For the isCheck() example this will look like [[isChecked()];]. This is
consistent with the grammer defined in (3). This together with the general
statement (2) leads to the conclusion that statements that have child statements
will include the semicolon if the child statement has one. For the example
for (int i= 0; i < 10; i++)
foo();
sourceEnd of the for statement will include the semicolon of the expression
statement.
Open issues
Multiple local declarations
Currently multiple local declarations appear in the AST as n separate local
declarations without any relationship to each others. This raises various
questions:
-
what are the positions of those local declarations
-
how is a visitor of that AST able to figure out that he deals with multiple
local declaration.
Since the new AST isn't a 1:1 mapping of the compiler's AST anyway (we
have the ExpressionStatement node) I opt to introduce new nodes as defined
in the grammar. Since the semicolon doesn't belong to the variable declaration,
it should be managed by the parent node that ties together multiple declarations.
Here is an example:
int x= 10, x[]= null, i;
LocalVariableDeclaration node manages:
the type (e.g. int)
the positions of the commas (if needed)
the actual variable declarators
sourceStart= start of the type
sourceEnd= ;
VariableDeclarator node manages:
the variable name and its positions
the initialization
sourceStart= start of variable name
sourceEnd= end of initialization. Doesn't include
the comma.
If we want to do some optimization we could also have a node SingleLocalVariableDeclaration
for declaration like int x; or int y= 10; The node would have the following
fields:
the type
the variable name and its positions
the initialization
sourceStart= start of type
sourceEnd= ;
Updates in for statements
Analogous to the local variable declaration, the comma to separate the
update expressions can not be part of the expression (expressions don't
contain a semicolon so they can't contain a comma either). To know the
positions of the commas the for statement should manage them in a separate
array.
The general rule is, that whenever language elements are separate
using a comma (for example an interface list in the implements statement,
arguments of a method declaration, ...) the node containing the separated
nodes should manage the positions of the comma, if they are of any interest.

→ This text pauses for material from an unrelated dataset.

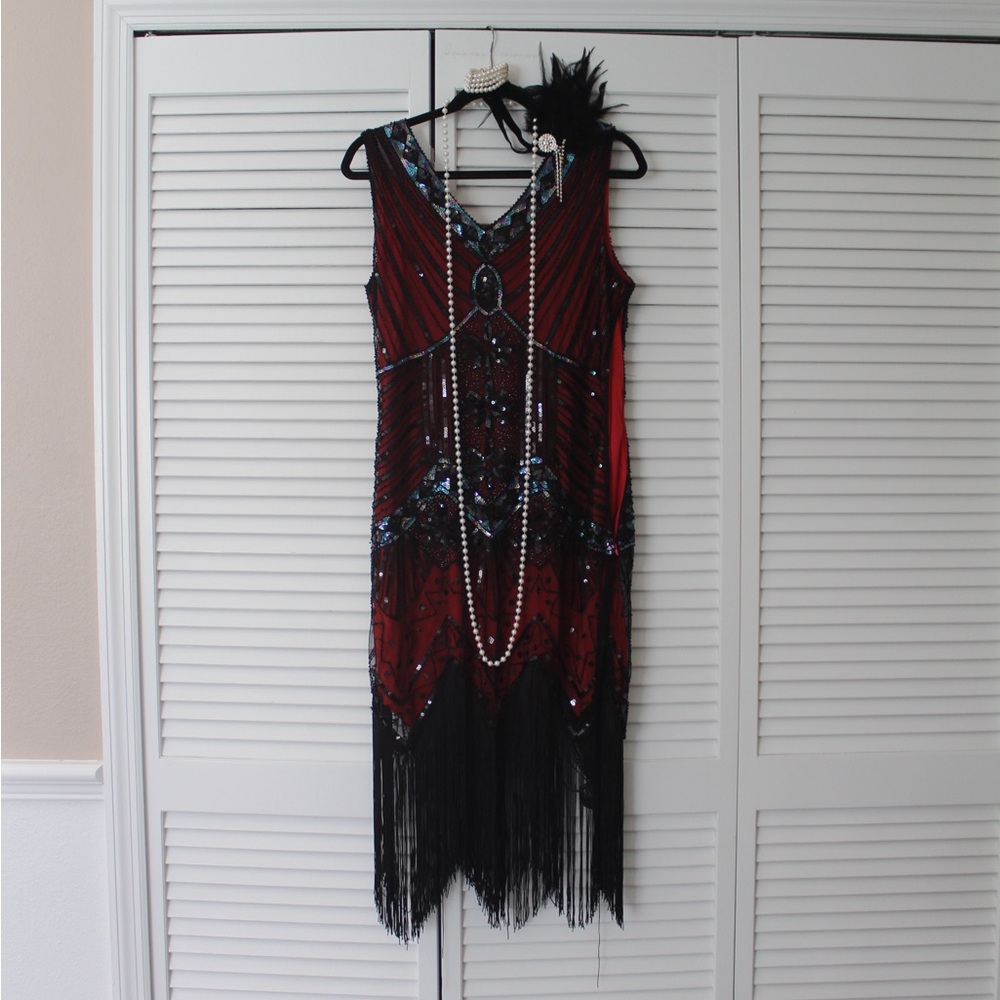 1920’s Fringe Hand-beaded Flapper Dress Halloween Costume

In a first implementation we could leave these positions out and use the
scanner to find them if they are of interest.
Treatment of semicolon
From our experiences with refactoring it is helpful in some cases to know
where the position of the semicolon is. For example if the user extract
a for statement and he doesn't select the action's semicolon we allow the
extraction. So what can we do in these cases:
-
simple don't allow the case. To support better selection we can offer some
actions to extend the text selection to spawn valid AST nodes. We have
a running prototype for this.
-
do some parsing of the source code to find the position of the semicolon.

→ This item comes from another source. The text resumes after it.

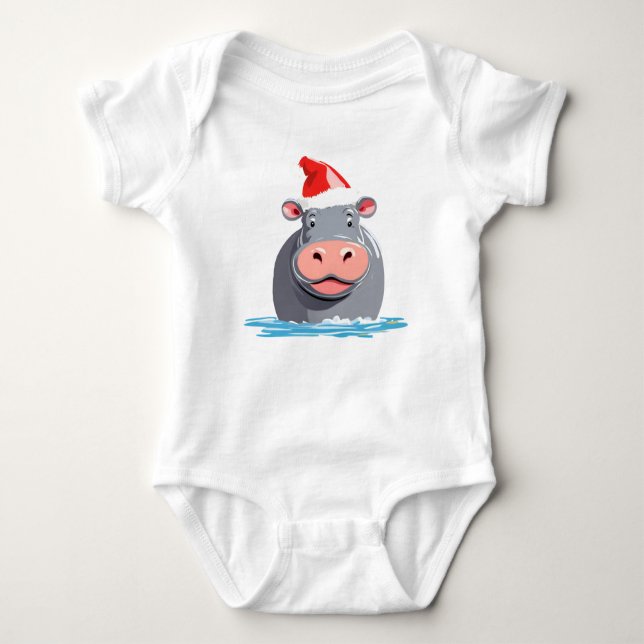 Cute HIPPO Safari Santa jul Costume Squad T Shirt (Framsida)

We could use the scanner for this.
Answers to explicit questions from Olivier
-
for (;;); : in this case the for statement should cover the semicolon.
The best way to achieve this is to have an empty statement as defined in
the grammar.
-
declaration source start of an argument: yes, Adam uses argument.type.sourceStart
as the start not declarationSourceStart.
-
test: the test we have are the refactoring test. We don't have special
test to check if the AST positions are correct.